D’abord, nos États ont eux-mêmes voté la fin de ces taxes il y a 18 mois, la Commission européenne applique leurs décisions. Les environnementalistes et la société civile –Greenpeace, WWF, Climate Action Network- sont fondamentalement pour mettre fin à ces taxes. Pourquoi ? Ces barrières représentent 10 milliards d’euros de coûts supplémentaires depuis 2012 pour l’ensemble de la chaîne photovoltaïque en Europe, des installateurs de panneaux aux utilisateurs. Des dizaines de milliers d’emplois verts empêchés d’exister. Les Européens se sont aperçus qu’ils ne pouvaient rivaliser avec les producteurs de bases en Chine, tandis que ces taxes empêchent la croissance du reste du secteur, dont le développement est nécessaire pour lutter contre le réchauffement climatique.

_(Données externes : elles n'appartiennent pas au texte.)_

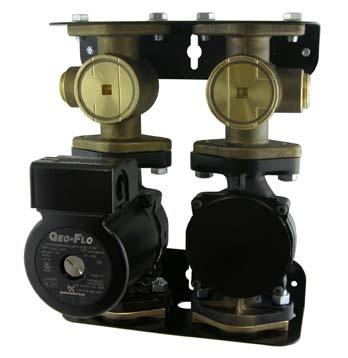 Residential Flow Centers Flo-Link & GPM series Pressurized Flow Centers The GPM series flow centers utilize reliable 3-way valves with the same features and benefits as the Flo-Link valves, but have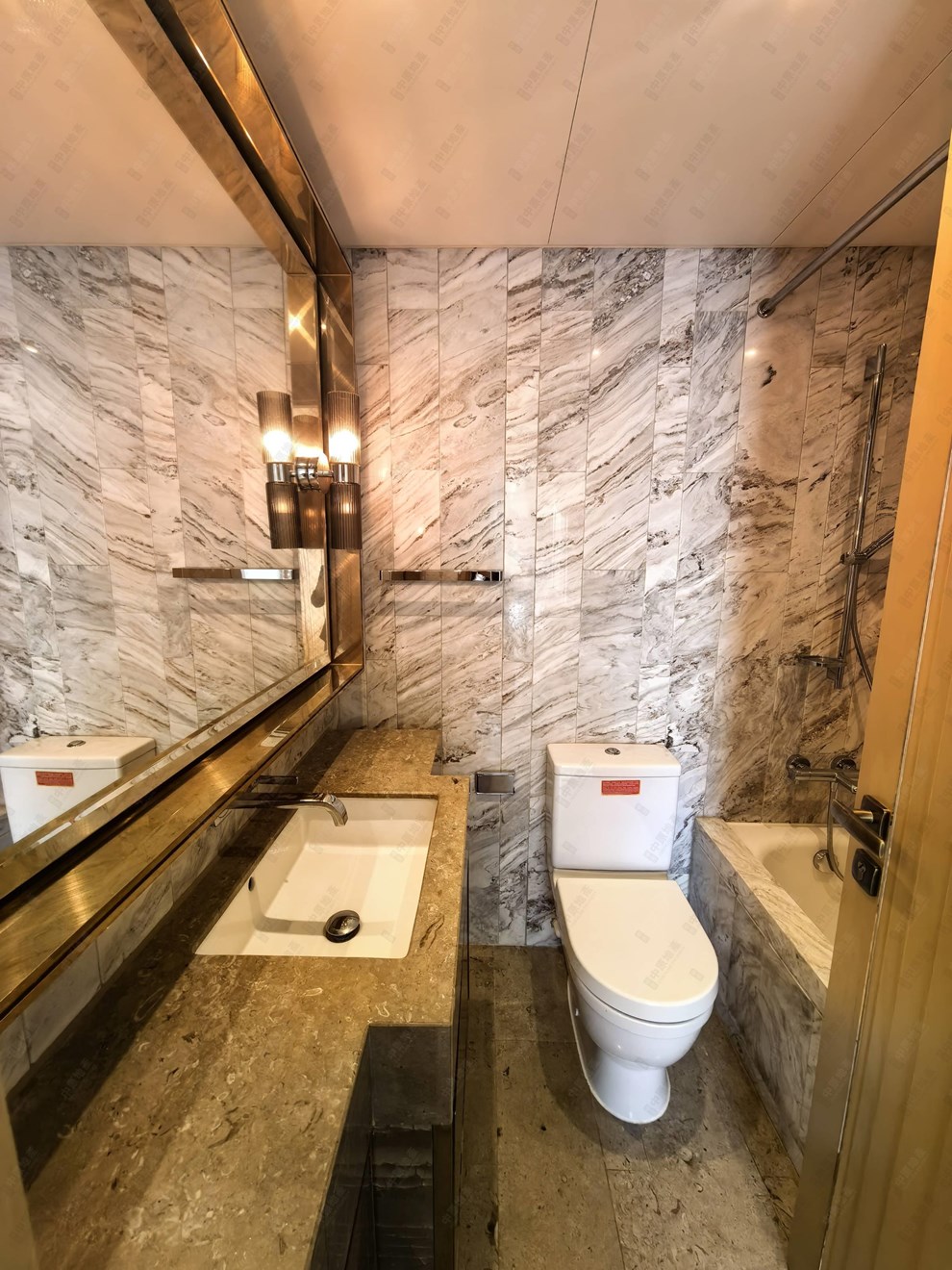 Unit Interior-Bathroom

Qui plus est, les producteurs européens de panneaux n’ont pas ramené des emplois verts depuis 2012. La France est l’un des Etats où les subventions publiques sont maintenues car le marché ne décolle toujours pas.

En d’autres termes : ces taxes n’ont pas sauvé notre industrie et, pire, nous éloigne de nos objectifs environnementaux.

Une décision complexe mais que l’Europe n’a pas prise à la légère : ce n’est qu’après des votes et des consultations avec l’ensemble des secteurs d’emplois touchés que les 28 ont pris cette décision. Un traitement artificiel de l’information européenne a eu pour conséquence en France de donner l’impression que Bruxelles abandonnait l’écologie, alors qu’il s’agit précisément de l’inverse – une décision démocratique et écologique, qui soutien la transition vers les énergies vertes.

A force d’ignorer l’Europe ou de la diaboliser, les Français s’empêchent eux-mêmes de se l’approprier, en la laissant en pâture aux nationalistes populistes de tous bords. Samedi nous avons sauvé les abeilles, mardi le solaire, demain sauvons l’Europe avant qu’il ne soit vraiment trop tard.